Remembering blogging circa 2000

Alexis Lloyd
2 min readMay 25, 2021

I really enjoyed this post by Phil Gyford in which he reflects on what the internet — specifically blogging — was like 20 years ago. He notes that it’s easier to remember the experience of first getting on the internet in the mid-nineties than it is to specifically recall the mini-eras between then and now. I often try to recall those in-between moments, like that early 2000s thing where you had internet maps but no smartphones, so you would print out Mapquest directions before going someplace.

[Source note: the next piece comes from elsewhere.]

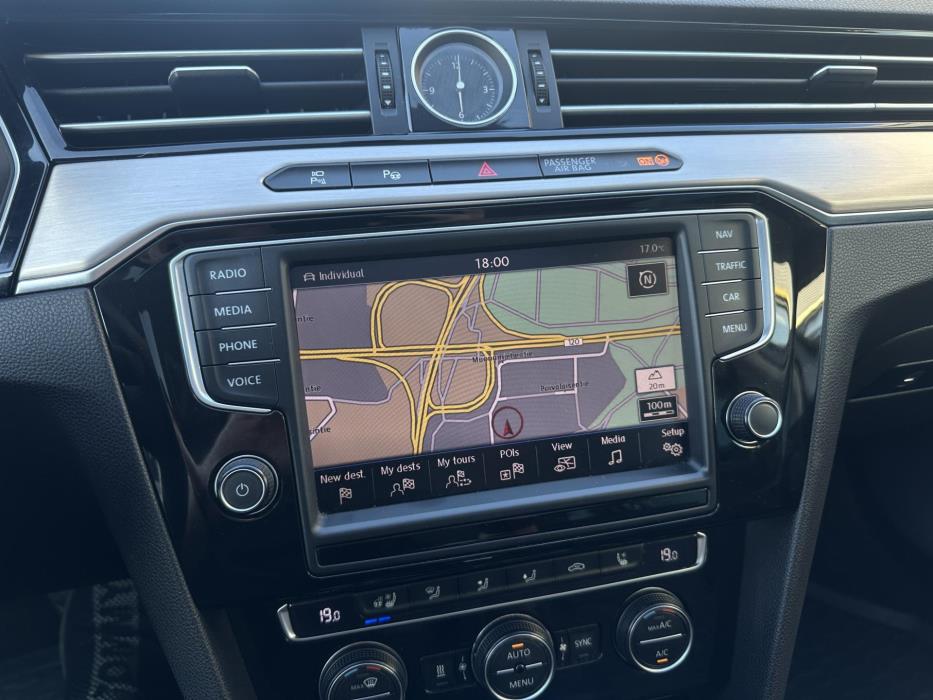 VOLKSWAGEN Passat 2015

This piece is full of those “oh riiiight” moments, like the fact that permalinks weren’t a thing for blogs yet, nor was RSS, and a bunch of other stuff. This observation particularly stuck with me:

Some of the posts I read were very personal in a way that’s less common now, in general. I clearly remember that there used to be a feeling that if you wrote something online then “normal people” wouldn’t see it. What normal person would read the random thoughts of strangers on the internet?! Only people-like-you would read what you wrote on the web. It wasn’t secret but not public either — it was a kind of private, as Danny O’Brien described in 2003. I think this is less true today. Even “personal” websites (like mine) often have an awareness about them, about what’s being shared, the impression it gives to strangers, presenting a public face, maybe a feeling of, “I’m just writing personal nonsense but, why, yes, I am available for hire”.